Mandy: The most important component is probably my love for Scripture and the prayer time I have with the Holy Spirit for inspiration and direction each week. Each week I present the inspiration for the worship set to the worship team and we pray together after every rehearsal and before every sound check. I can’t expect my ministry to grow spiritually or musically if I don’t grow in those ways also. I also spend a lot of time communicating with personnel and members of the worship ministry. I put together the music for the band rehearsals each week because I know what keys they like to play in or what kind of score or sheet they like to read from. I listen to a lot of music and subscribe to choral clubs, and am constantly receiving packets of music to comb through. My kids are used to hearing Christmas music in the summer and Easter music at Christmas (always staying a season ahead).
Chad: The most important role of a worship pastor is leading a congregation and individuals to a connection and relationship with God. This can be accomplished through corporate worship, weekly practices, and one-on-one mentoring.

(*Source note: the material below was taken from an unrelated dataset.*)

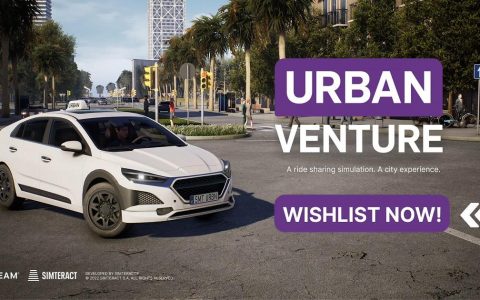 开放世界建设的士公司《Urban Venture》即将登陆 Steam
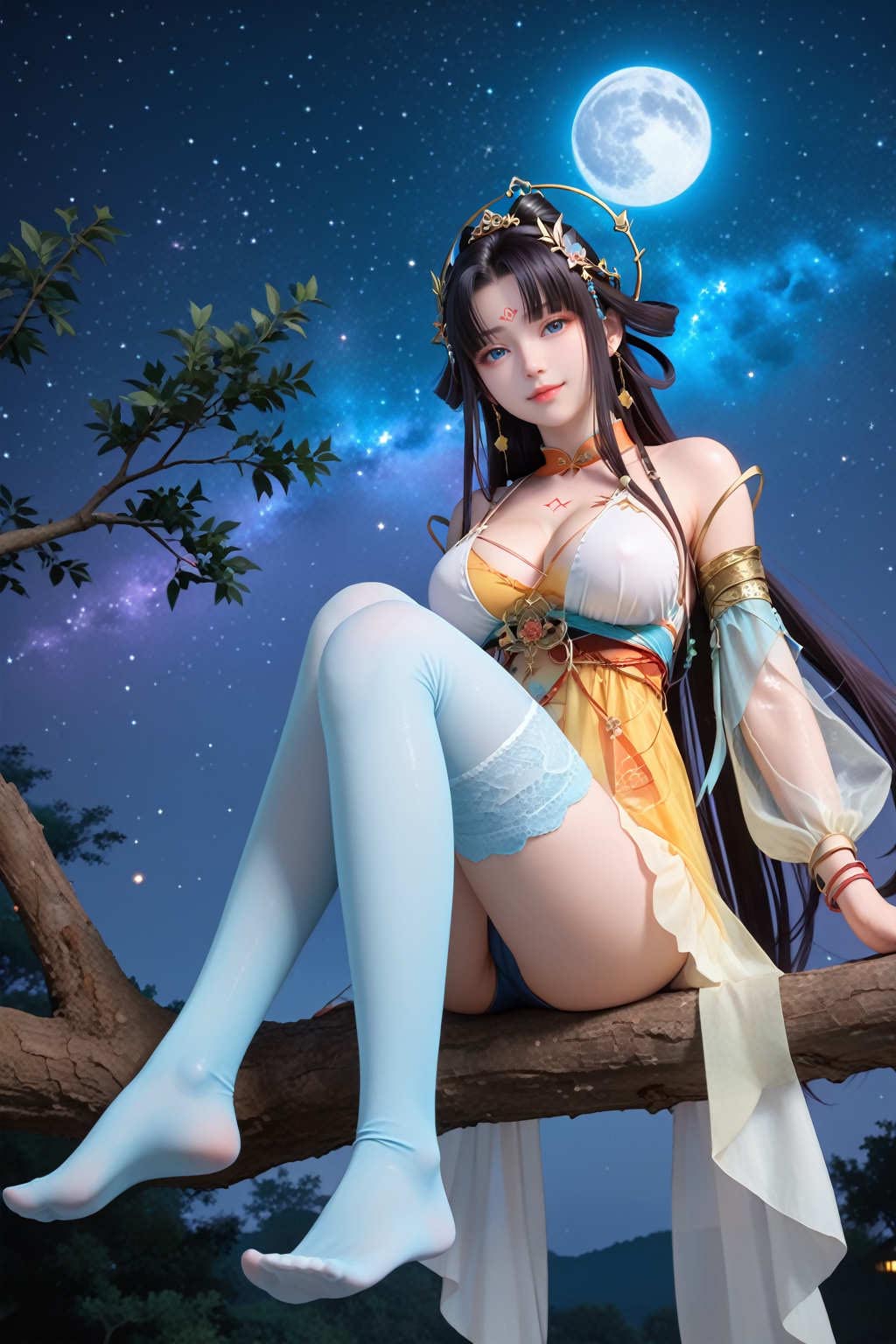 [AI国漫]（搬运至251112）绝世战魂-妙妙公主【BT】【99P】【164MB百度云】-福利岛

Kendyl: I’ve mentioned to people in various conversations that music is only 40 to 50 percent of my ministry. The other 50 to 60 percent is filled with ministering to the hurt and broken, as well as leadership development. When you have multiple people within your ministry, you have multiple individual personalities, as well as multiple families that require your attention.
CGM: What are your greatest challenges of a worship leader? What are your greatest blessings?
Doug: Worship leaders must teach and instruct their congregations about worship. Thus, worship leaders must always be learning about worship. More than this, worship leaders must develop as worshipers. This can be a challenge, given busy schedules and routines, but it also provides an amazing opportunity to grow deeper in relationship with the Father.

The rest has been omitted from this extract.